Within a year, people using the Maven repository had come to rely on it as an essential piece of development infrastructure. While Java had been around for almost a decade, no one had created a viable repository structure. There was no way to distribute artifacts between projects, and the Maven repository was created at a critical time in the development of open source Java. As Java really start to take off in the enterprise, as systems grew more complex, and as an explosion of open source Java libraries hit the scene from places like Apache, the Maven repository quickly became the established way to distribute artifacts. There was no going back.

Maven Search: The Dark Ages

Years passed, the format of the repository changed between Maven 1 and Maven 2. As more and more projects started to use Maven or publish to the Maven repository, there was a need to create some sort of search interface to help developers locate artifacts in the repository.

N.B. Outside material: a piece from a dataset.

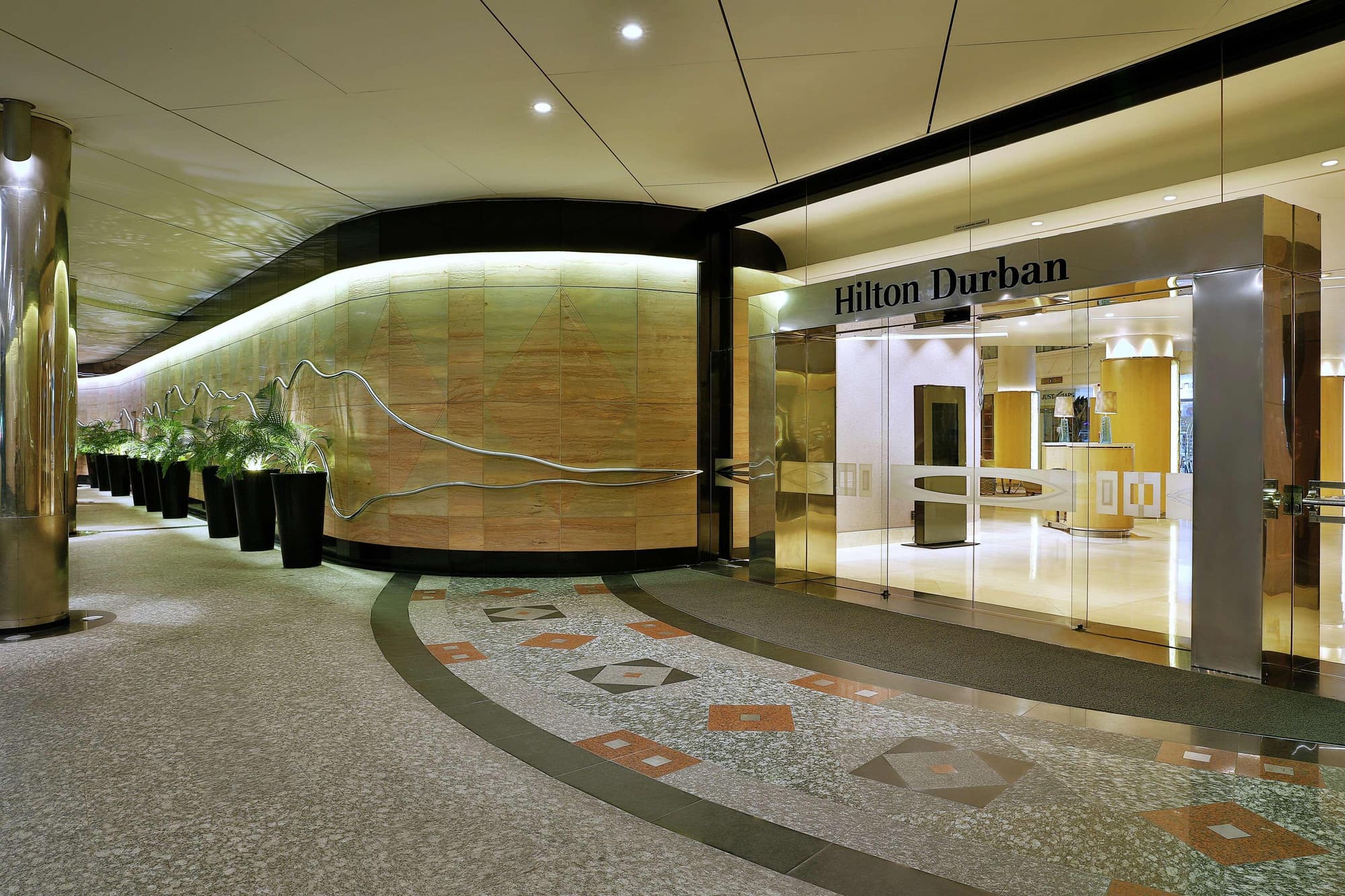 Hilton Durban, General view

Initial efforts for repository search were disconnected and relied on multiple, independent systems running proprietary analysis on the entire repository. (I know this myself because I took at stab at writing one in 2006.) To search the repository, you had to download the entire repository and run a series of regular jobs to grab changes and update an index. There was no standard search mechanism that would facilitate tool integration, and most people discovered Maven artifacts either by clicking around in a browser or by word-of-mouth.

Earlier Repository Managers and Search

Early repository managers contained independent implementations for search indexing. Early versions of Archiva had an independent index library based on Lucene, and Artifactory relies on a JCR store. While it was clear that repositories were going to play a key role in providing an easy way to search for artifacts by metadata and class name, these earlier approaches still required people maintaining repository managers to download the entire repository and run a time consuming, CPU-intensive process just to create searchable index.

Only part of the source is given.